Collected data entries
+-------+
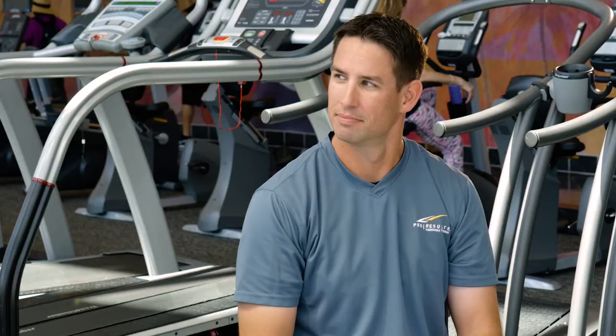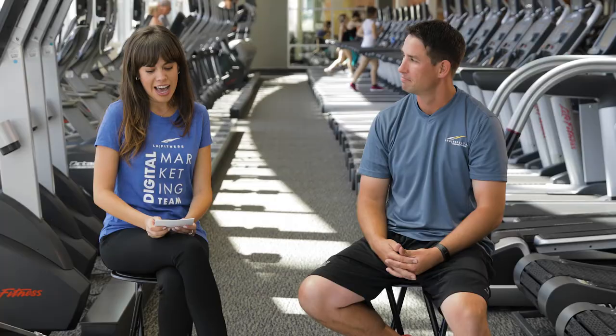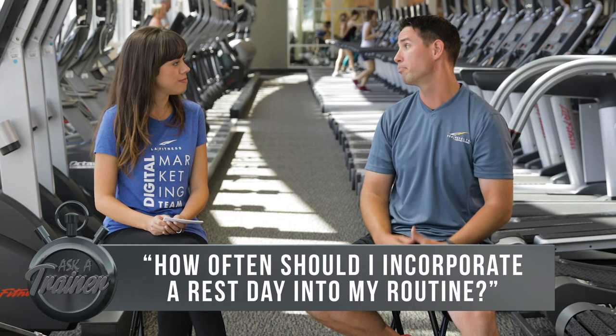Hi and welcome back to another segment of Ask a Trainer. Today I'm here with Master Trainer Jeff. Today's question is: how often should I incorporate a rest day into my weightlifting routine?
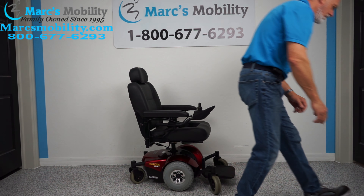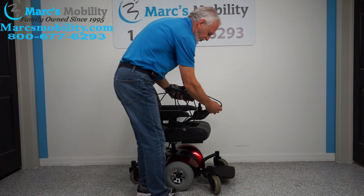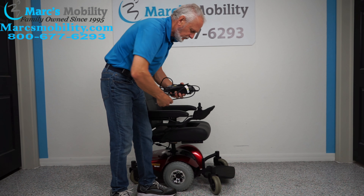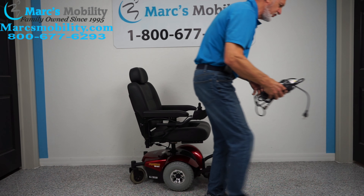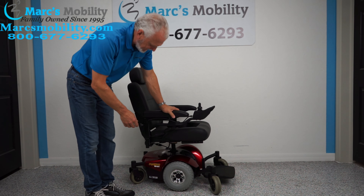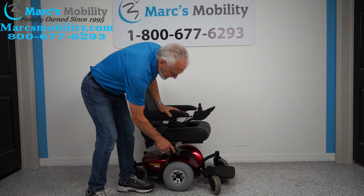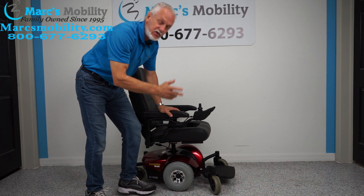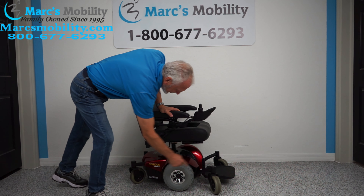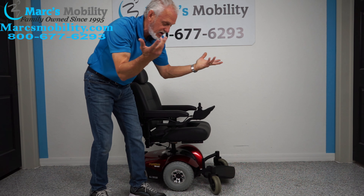When you charge this chair, you plug the charger right below the joystick, and as soon as the light turns green on your charger you're fully charged. There are two batteries in this chair. To take the batteries out you have to lift the handle, pull the seat off, and take the red cover — you'll see the two batteries. The red cover has four screws, one at each corner in the back and two in the front. Four screws and the red cover comes off, the batteries come right out.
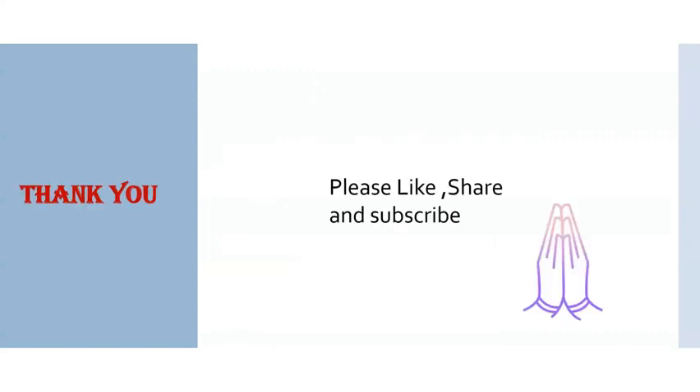Thank you so much. Hope you like this video. Please like, share, and subscribe.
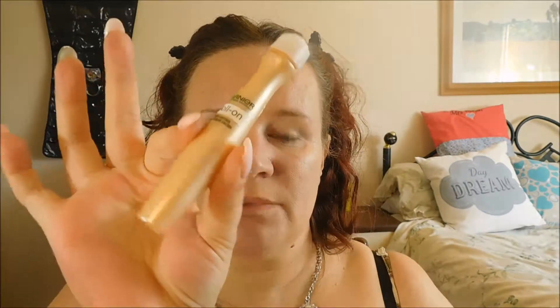I'm just going to have my eye primer on. Because I'm not wearing a full foundation, I'm going to use my roll-on Garnier under-eye and just leave it to sit for a minute, and then I'm going to do my eyebrows.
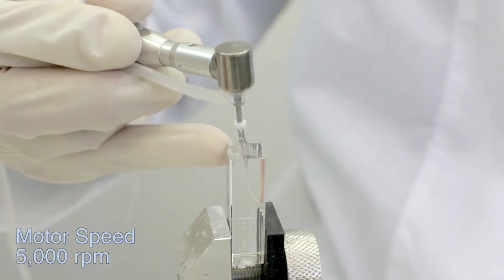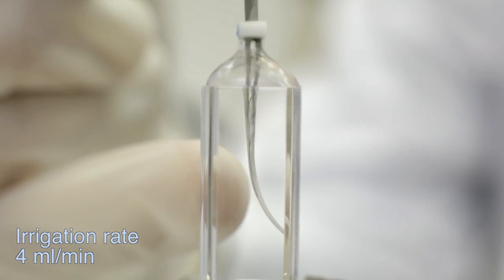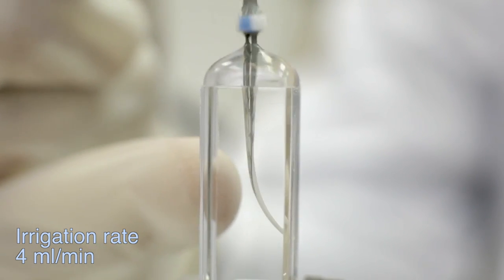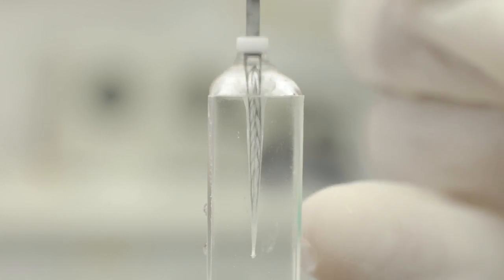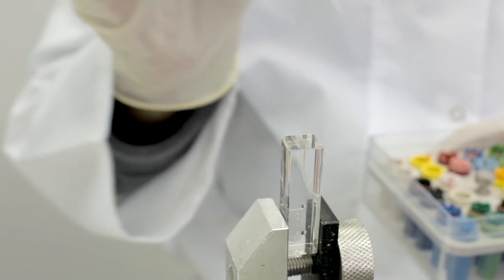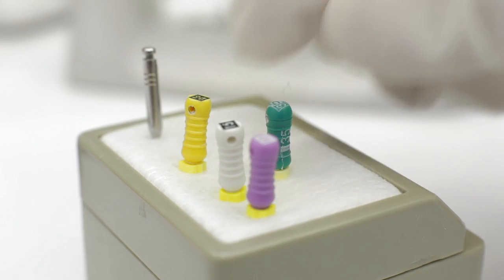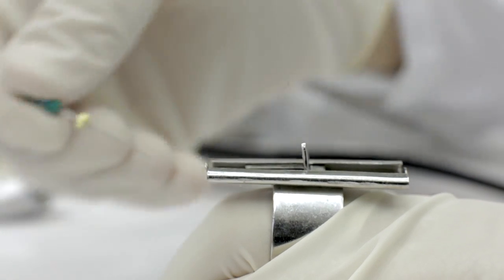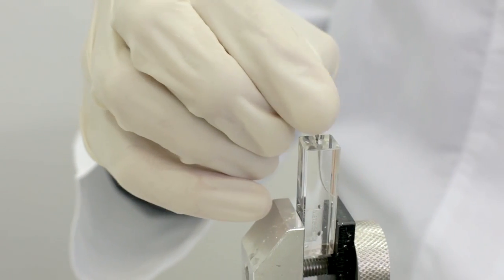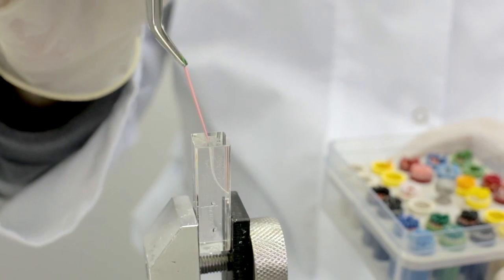Treat each canal using light pecking motions for 4 minutes with a recommended irrigant flow rate of 4 milliliters per minute. When used properly, the file rotates to change its axial position only during the outbound stage of the pecking motion. Prior to obturation, gauge the prepared canal using gutta-percha master cones or 9Ti hand files to determine final canal dimensions. Final canal dimensions are expected to be 2-3 ISO sizes larger than the initial apical size. More information regarding obturation after SAF preparation can be found in the SAF System Clinical Guidelines Manual.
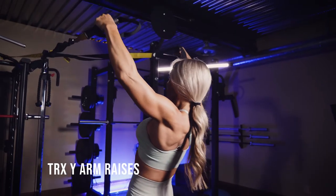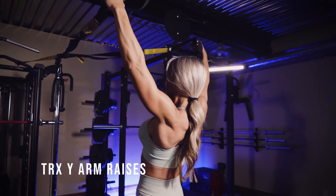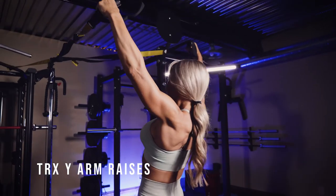These are TRX Y arm raises. You're going to want to start out extended. The closer your feet are stepped back, the easier this will be. The more you step them forward, the heavier and harder it will be.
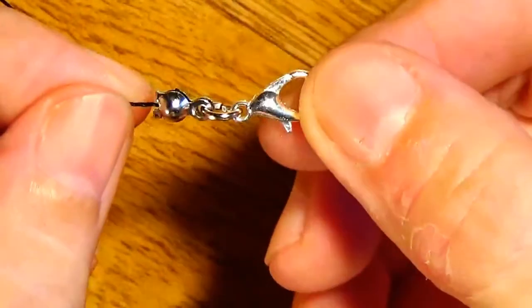And now I have created the end of the necklace with the lobster claw clasp.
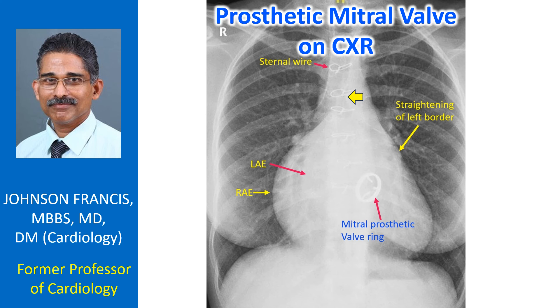The prosthetic valve can be identified as being in the mitral location by its position below the line joining the pulmonary bay to the right cardiophrenic angle. An aortic prosthetic valve will be above that line.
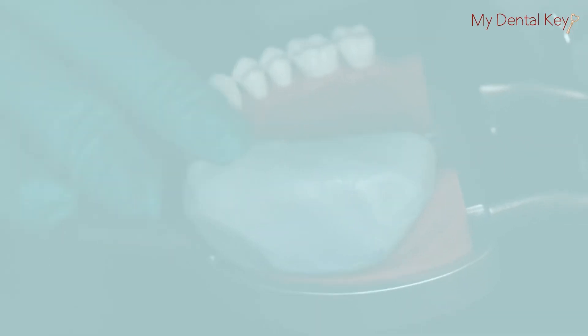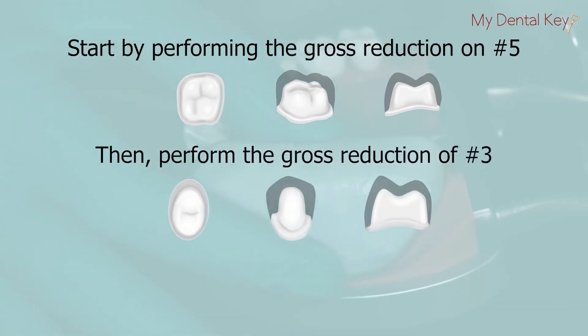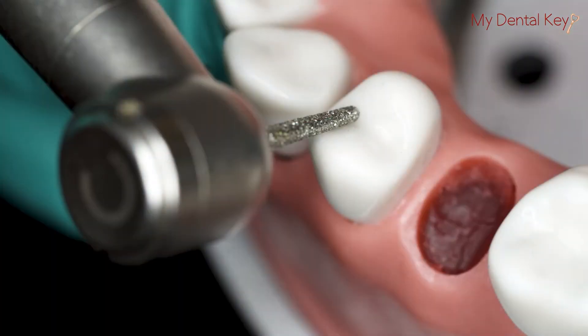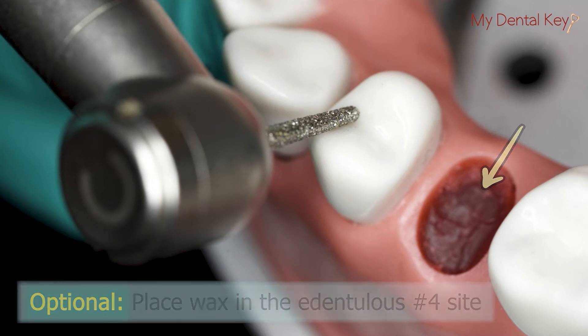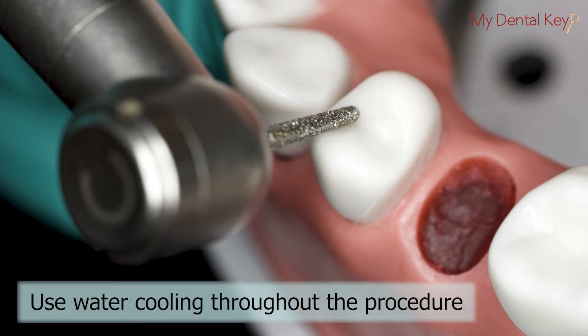Start by performing your gross reduction of number 5. Once you've performed the number 5 gross reduction, move on to the number 3 gross reduction. Leave tooth structure to allow for final refinement and taper correction to create a coincident path of draw between the teeth, which should be performed after both gross reductions have been completed. Note: red utility wax has been placed in the edentulous number 4 site. We recommend using water cooling during this procedure to prevent the burning of accidental teeth.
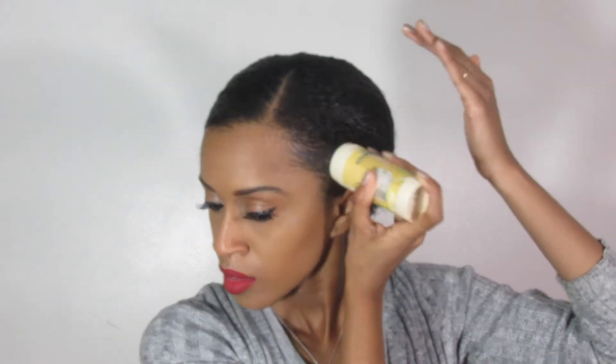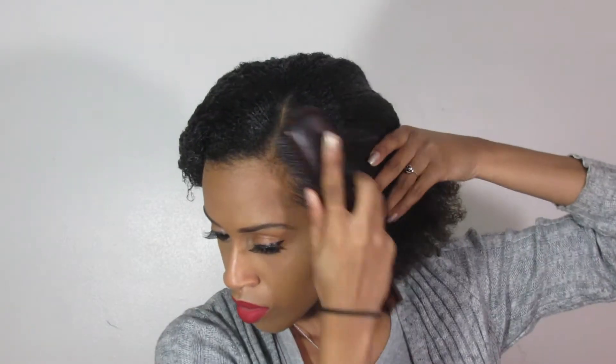After that I add my next product which is my edge control, and I start to brush.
+-------+
▶ WHAT YOU NEED TO DO
Write out again every line above exactly as given; the pictures do not belong in the copy.

▶ SOLVED PROBLEM
Hi and welcome back to another segment of Ask a Trainer. Today I'm here with Master Trainer Jeff. Today's question is: how often should I incorporate a rest day into my weightlifting routine?
When you charge this chair, you plug the charger right below the joystick, and as soon as the light turns green on your charger you're fully charged. There are two batteries in this chair. To take the batteries out you have to lift the handle, pull the seat off, and take the red cover — you'll see the two batteries. The red cover has four screws, one at each corner in the back and two in the front. Four screws and the red cover comes off, the batteries come right out.
Thank you so much. Hope you like this video. Please like, share, and subscribe.
I'm just going to have my eye primer on. Because I'm not wearing a full foundation, I'm going to use my roll-on Garnier under-eye and just leave it to sit for a minute, and then I'm going to do my eyebrows.
Treat each canal using light pecking motions for 4 minutes with a recommended irrigant flow rate of 4 milliliters per minute. When used properly, the file rotates to change its axial position only during the outbound stage of the pecking motion. Prior to obturation, gauge the prepared canal using gutta-percha master cones or 9Ti hand files to determine final canal dimensions. Final canal dimensions are expected to be 2-3 ISO sizes larger than the initial apical size. More information regarding obturation after SAF preparation can be found in the SAF System Clinical Guidelines Manual.
These are TRX Y arm raises. You're going to want to start out extended. The closer your feet are stepped back, the easier this will be. The more you step them forward, the heavier and harder it will be.
And now I have created the end of the necklace with the lobster claw clasp.
The prosthetic valve can be identified as being in the mitral location by its position below the line joining the pulmonary bay to the right cardiophrenic angle. An aortic prosthetic valve will be above that line.
Start by performing your gross reduction of number 5. Once you've performed the number 5 gross reduction, move on to the number 3 gross reduction. Leave tooth structure to allow for final refinement and taper correction to create a coincident path of draw between the teeth, which should be performed after both gross reductions have been completed. Note: red utility wax has been placed in the edentulous number 4 site. We recommend using water cooling during this procedure to prevent the burning of accidental teeth.
After that I add my next product which is my edge control, and I start to brush.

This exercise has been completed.